New York Times (Op-Ed)
By Stephen Vladeck
December 22, 2015
NEXT
month, the Supreme Court will decide whether to hear a case challenging
an Obama administration policy that would give permission to millions
of undocumented immigrants
to stay and work in the United States.
But
the most important issue in the case — and the best reason for the
court to take and decide it quickly — has nothing to do with immigration
policy, and everything
to do with whether the 26 states that are plaintiffs may use courts
rather than the political process to thwart the president’s policies. So
far, two lower courts have said yes. Regardless of its views of the
merits of the administration’s immigration policy,
the Supreme Court should say no.
Just
over a year ago, President Obama announced a new policy giving
undocumented parents of United States citizens and lawful permanent residents permission to live and
work for three years without fear of deportation, if they met certain
qualifications. On the heels of the announcement, Texas and 25 other
states sued, arguing that the change in policy violated federal statutes
and exceeded the president’s authority under
the Constitution. A district court judge agreed, and stopped the policy
from going into effect.
A
three-judge panel of the United States Court of Appeals for the Fifth
Circuit concurred by a vote of 2 to 1. The panel also agreed with the
lower court that Texas could
bring this lawsuit because, if the reforms went into effect, the state
would have to provide driver’s licenses to undocumented immigrants,
which, Texas claims, would cost it money. This harm was enough for
standing, the court said.
But that legal reasoning is at odds with decades of Supreme Court precedent limiting who may bring a case to federal court.
Until
now, only those who have been directly harmed in a concrete,
individualized way have been permitted to sue. Even if a federal law
raises taxes, increases air pollution,
or gives tax breaks to private schools that discriminate based on race,
parties that might be affected most likely won’t be able to sue because
they have only a generalized grievance suffered by millions of others,
rather than a uniquely personal injury.
These
limits serve the important purpose of constraining the power of
unelected judges in our democratic system. In the words of former Chief
Justice William H. Rehnquist,
federal courts are not to be “roving commissions” charged with
second-guessing elected officials but instead exist to resolve concrete
disputes between injured parties.
If
the harm suffered is so broad as to affect thousands or millions of
people, then the proper recourse is to seek change through the political
process, not the courts.
If anything, this understanding holds even more true for states, which
are especially powerful actors in our political system — and which are
often suing, as in the immigration case, based on injuries to their
residents.
The
lower courts ignored these principles when they allowed Texas to sue
because the state might lose a minimal amount of money — a conclusion
that portends a vastly expanded
role of the federal courts in federal-state disputes.

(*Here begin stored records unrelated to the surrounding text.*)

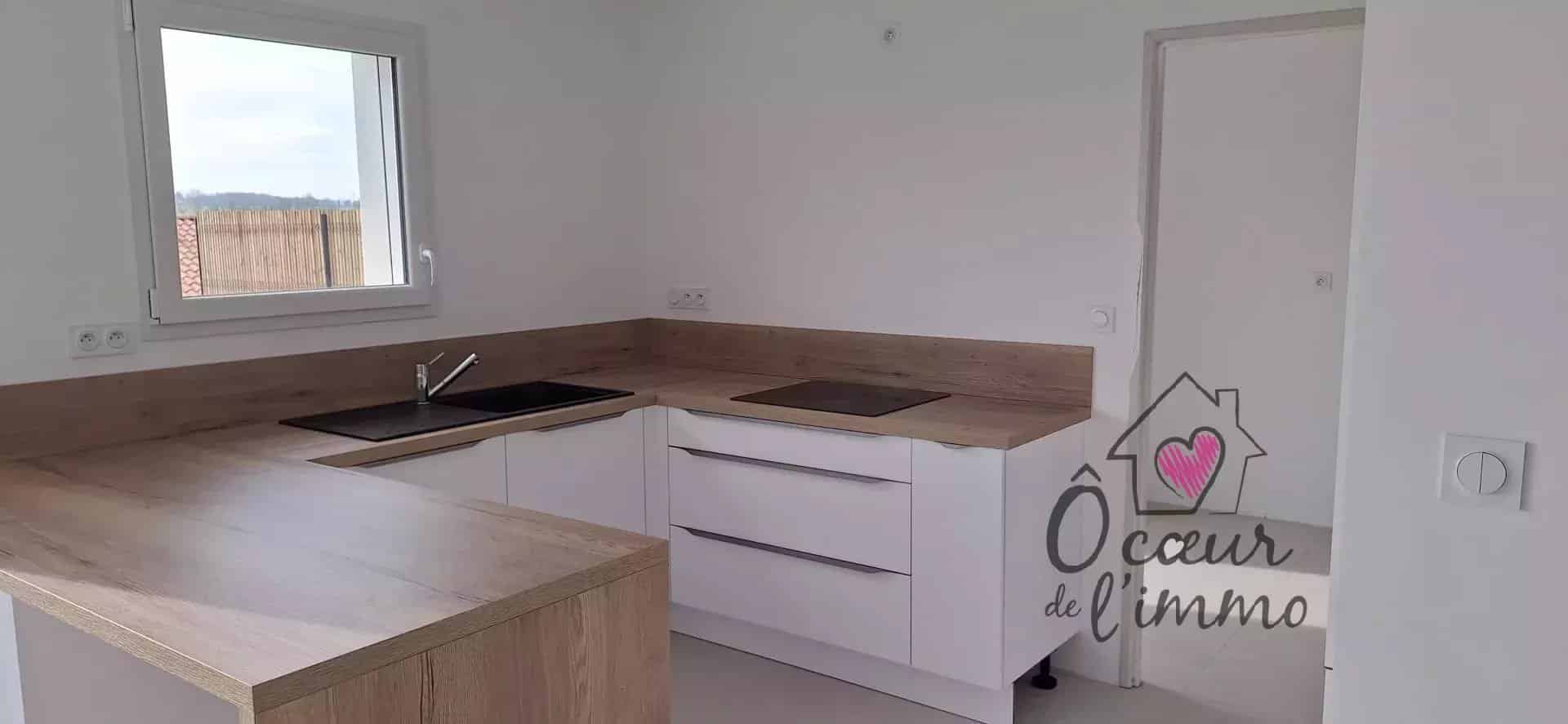 Plain pied 2024 : 3 chambres + Garage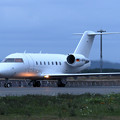 Bombardier Challenger 604 D-AFAG
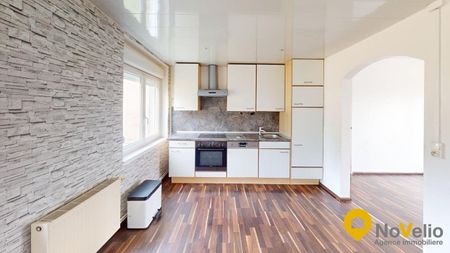 Location Appartement 5 pièces 68m² FORBACH 57600 - Photo 4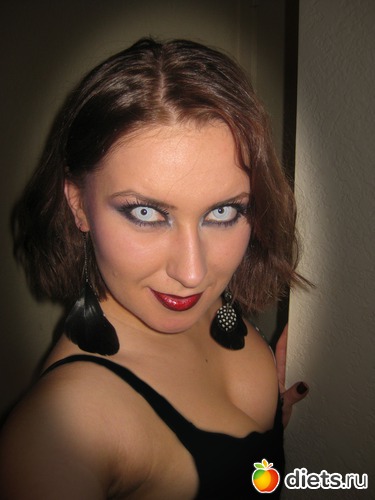 Halloween 2011, ������: Simply me!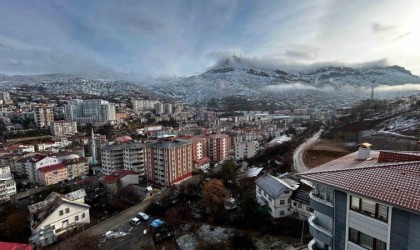 Gümüşhanede mart kapıdan baktırdı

As the dissenting
judge in the appeals court decision pointed out, any executive branch
policy change would impose some administrative costs on states and
would, on Texas’ theory, justify a lawsuit by any
one of the 50 states.
It
is not difficult to imagine a future in which any and all executive
branch decisions would first be brought before a federal court by
whichever state attorneys general
object to that policy.
Worst
of all, if such lawsuits are routinely allowed, then state officials
may use the courts to delay implementation of federal policies with
which they simply disagree.
If state officials can use litigation to slow down the implementation
of new federal policies (even ones that courts will ultimately uphold),
they are certain to do so. The result will be gridlock; federal policies
will simply be ground to a halt by such litigation,
since it is the rare federal policy today that finds unanimous support
among the 50 states.
This
vital question about the constitutional power of states to drag the
president into court has been mostly overlooked by both advocates and
opponents of immigration
reform, perhaps because it creates odd ideological bedfellows.
Liberal
Democrats who support Mr. Obama’s executive action overhauling the
immigration system also believe in loosening the rules permitting who
can bring cases into court.
Conservative Republicans who oppose the president’s executive action on
immigration object to broadening standing to include parties — like
Texas — that have a generalized grievance that can be resolved through
the political process.
Nonetheless,
the issue needs to be addressed. Texas recently filed another lawsuit
against the federal government over the resettlement of Syrian refugees,
and challenges
to an array of other federal programs will surely follow if the lower
courts’ standing analysis is sustained.
The
Supreme Court should use the challenge to President Obama’s immigration
policy to remind states that litigation is not an alternative to the
political process. The
justices should accept the case, hold that the plaintiffs lacked
standing, and send it back to the lower courts with instructions to
dismiss.
Otherwise,
even if the court upholds the Obama administration program, Texas will
win for losing, setting a dangerous constitutional precedent that will
cause mischief
for all presidents — and judges — Democrats and Republicans alike.